The Trump administration was far less active with enforcement litigation than its predecessor, suing federal contractors just three times.
Future Developments
The contractor compliance office will be a labor agency to watch in 2022, observers said, particularly once Democrats seize a majority on the U.S. Equal Employment Opportunity Commission. That will enable the workplace anti-discrimination agencies to collaborate more freely, several observers said.
“This fall, I think we’re going to see some action,” Connell said.
Yang, the OFCCP director, formerly chaired the EEOC and has worked with current Chair Charlotte Burrows (D). The two already unveiled a joint initiative focused on diversity and inclusion in hiring. More substantive policy actions by the EEOC will require a vote by the commission, which Republicans control 3-2. GOP commissioner Janet Dhillon’s term expires in July, giving Biden a chance to nominate a replacement.
In hiring, government contractors are now barred from asking about a job applicant’s criminal background before a conditional job offer has been extended. That new law, part of defense legislation Donald Trump signed as president, took effect Dec. 20. Employers are awaiting a proposed rule to implement the law, hoping it provides direction on how to comply and what kinds of jobs might be exempt.

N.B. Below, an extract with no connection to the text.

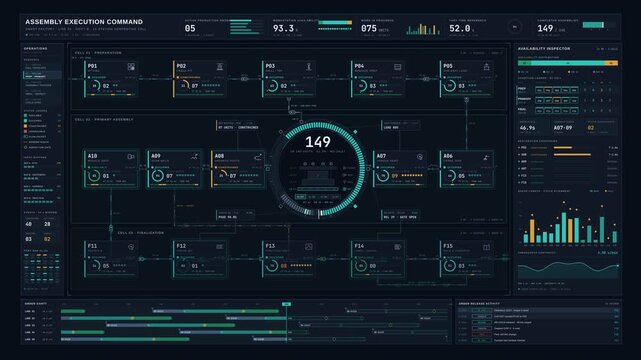 Cinematic smart factory dashboard visualizing real-time assembly progress, workstation availability, and industrial production flow in high resolution.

Pay equity changes may also be afoot. During Yang’s time at the EEOC under then-President Barack Obama and, briefly, under Trump, she piloted a collection of worker pay data that occurred only once due to protracted litigation. She’s highlighted pay equity as a key priority for her agency.
“We’ve been expecting all along that Jenny Yang, running OFCCP, is going to move towards contractors reporting compensation data, similar to what she put through at the EEOC,” said Marc Freedman, vice president of employment policy for the U.S. Chamber of Commerce.
Contracts stemming from the new infrastructure law (
Connell said the office’s general focus may branch out beyond pay equity, to look at racial and gender equity more broadly in compliance audits, as women and people of color have been disproportionately affected by the pandemic’s economic fallout.
“Its not just tackling concerns about pay equity, but about gender equity more broadly in terms of jobs that women hold,” she said.